July 6, 2016 By Paul Dixon
Rumblings out of Ottawa in early May would have us believe that the federal cabinet has decided to purchase the F/A-18 Super Hornet as an “interim” replacement for those CF-18 Hornets still lingering. Well, it would be nice to see some replacements for the current Hornets arrive before we have to park the last of our legacy aircraft.
Six years ago, when I interviewed (then) Major-General Yvon Blondin, the replacement for the CF-18 was a large part of our conversation. At that time, the F-35 was considered a done deal and that’s how our conversation proceeded. Now, six years later, the F-35 is very much not a done deal by any stretch of the imagination. What hasn’t changed are the general’s remarks in 2010 about the reality that you can only get so much out of an airframe before you have to retire the aircraft. Six years ago, Gen. Blondin had 78 of the original 138 CF-18 Hornets at his disposal. There are less today and the number of airworthy aircraft will continue to decline as they age out, though there are talking heads in Ottawa suggesting that they can keep going until 2025.
What irks me is not just the fact the remaining aircraft are creeping closer and closer to pumpkin time. The unseen cost in this fiasco is the time that has been expended by senior staff at DND, Public Works, Treasury Board – and who knows how many other ministries – as they flit away the years. I’m not going to say their time has been wasted. But beyond the basics, it hasn’t been very productive. The sad truth is that every day given over to the F-18 replacement project after the first couple of years is a day that could have been spent working on something else. That’s what I’d like to know – that the work didn’t get done because we were reinventing the wheel.

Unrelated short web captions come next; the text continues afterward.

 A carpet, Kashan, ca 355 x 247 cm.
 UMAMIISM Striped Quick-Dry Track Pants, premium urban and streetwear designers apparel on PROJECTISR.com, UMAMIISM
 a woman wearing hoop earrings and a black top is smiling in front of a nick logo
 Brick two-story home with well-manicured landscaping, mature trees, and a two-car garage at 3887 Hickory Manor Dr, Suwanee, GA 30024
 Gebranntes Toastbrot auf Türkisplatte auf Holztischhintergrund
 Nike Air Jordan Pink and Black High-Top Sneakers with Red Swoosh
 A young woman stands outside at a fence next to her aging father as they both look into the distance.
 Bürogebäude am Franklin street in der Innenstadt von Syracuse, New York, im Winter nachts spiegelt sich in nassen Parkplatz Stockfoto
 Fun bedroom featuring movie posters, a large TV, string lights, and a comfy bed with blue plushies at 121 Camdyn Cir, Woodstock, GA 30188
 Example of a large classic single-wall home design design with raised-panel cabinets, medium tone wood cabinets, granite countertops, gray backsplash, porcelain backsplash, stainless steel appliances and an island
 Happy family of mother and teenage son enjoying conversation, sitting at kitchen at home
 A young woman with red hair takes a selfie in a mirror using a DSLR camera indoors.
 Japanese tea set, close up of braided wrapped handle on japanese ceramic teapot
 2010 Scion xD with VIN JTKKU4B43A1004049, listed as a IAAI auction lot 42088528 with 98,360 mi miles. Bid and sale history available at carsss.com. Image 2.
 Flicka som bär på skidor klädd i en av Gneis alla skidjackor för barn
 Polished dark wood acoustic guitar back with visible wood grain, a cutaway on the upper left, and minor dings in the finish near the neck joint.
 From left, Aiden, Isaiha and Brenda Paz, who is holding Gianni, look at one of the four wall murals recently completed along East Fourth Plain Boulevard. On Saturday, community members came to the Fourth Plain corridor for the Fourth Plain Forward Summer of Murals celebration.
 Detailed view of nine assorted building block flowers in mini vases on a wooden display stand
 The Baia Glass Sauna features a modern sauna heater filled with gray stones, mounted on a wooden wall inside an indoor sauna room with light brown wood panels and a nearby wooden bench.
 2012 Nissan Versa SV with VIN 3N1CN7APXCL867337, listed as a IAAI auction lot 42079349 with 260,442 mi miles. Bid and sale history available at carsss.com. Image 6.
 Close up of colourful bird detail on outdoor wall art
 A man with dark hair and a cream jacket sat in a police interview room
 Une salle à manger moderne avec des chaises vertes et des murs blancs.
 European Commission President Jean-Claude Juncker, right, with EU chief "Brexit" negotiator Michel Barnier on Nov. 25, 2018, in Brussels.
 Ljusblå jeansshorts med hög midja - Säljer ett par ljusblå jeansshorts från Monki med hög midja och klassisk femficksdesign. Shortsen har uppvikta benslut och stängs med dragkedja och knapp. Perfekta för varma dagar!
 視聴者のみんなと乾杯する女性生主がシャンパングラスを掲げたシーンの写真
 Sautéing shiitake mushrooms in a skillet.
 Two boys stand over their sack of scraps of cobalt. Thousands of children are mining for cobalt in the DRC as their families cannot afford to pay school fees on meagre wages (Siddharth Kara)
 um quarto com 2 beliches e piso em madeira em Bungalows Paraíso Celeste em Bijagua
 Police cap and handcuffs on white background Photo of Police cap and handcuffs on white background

Now, let’s turn your attention to the announcement that Westjet will not be offering complimentary meals on its new service connecting Edmonton, Calgary and Vancouver to London (Gatwick). The response was fairly muted, certainly more so than it would have been even a year ago. If there’s a big outrage in the cabin, it would be about the level of inflight entertainment (IFE) and Wi-Fi.
It wasn’t that long ago that you could go to your local airport, get on an airplane, and with several hundred other people, be transported halfway around the world. The miracle of flight itself used to be all that was required to keep passengers enthralled for hours. Today, if we’re not connected 24/7, with access to every conceivable form of digital entertainment, then somehow we are being oppressed.
If there is going to be a change in business in Ottawa, how about taking a hard look at what it would take to create a level playing field for Canadian airports – and especially how to coerce some of those five million or so Canadians who would rather fly out of American airports to stay on this side of the border when they are coming and going.
I realize many people are only interested in the “cheapest” flight and no amount of rationalizing is going to persuade them to change their ways. For years, there have been complaints about the rents airports are charged by the landlord, which directly translates into the landing fees charged the airlines and in turn are passed on to the flying public. The one common thread with our major airports is the landlord – and there’s no reason the landlord can’t take the initiative to find a better way than the status quo. Creating a more level playing field, getting some of those border-crossers to spend their money in their local Canadian airport, and empowering Canadian airports by giving them a solid foundation to compete for more business domestically and internationally would be a good thing for Canadian airlines. And who knows? There might even be a big enough piece of that pie for a legitimate low-cost airline to have a chance.
Paul Dixon is a freelance writer and photojournalist living in Vancouver.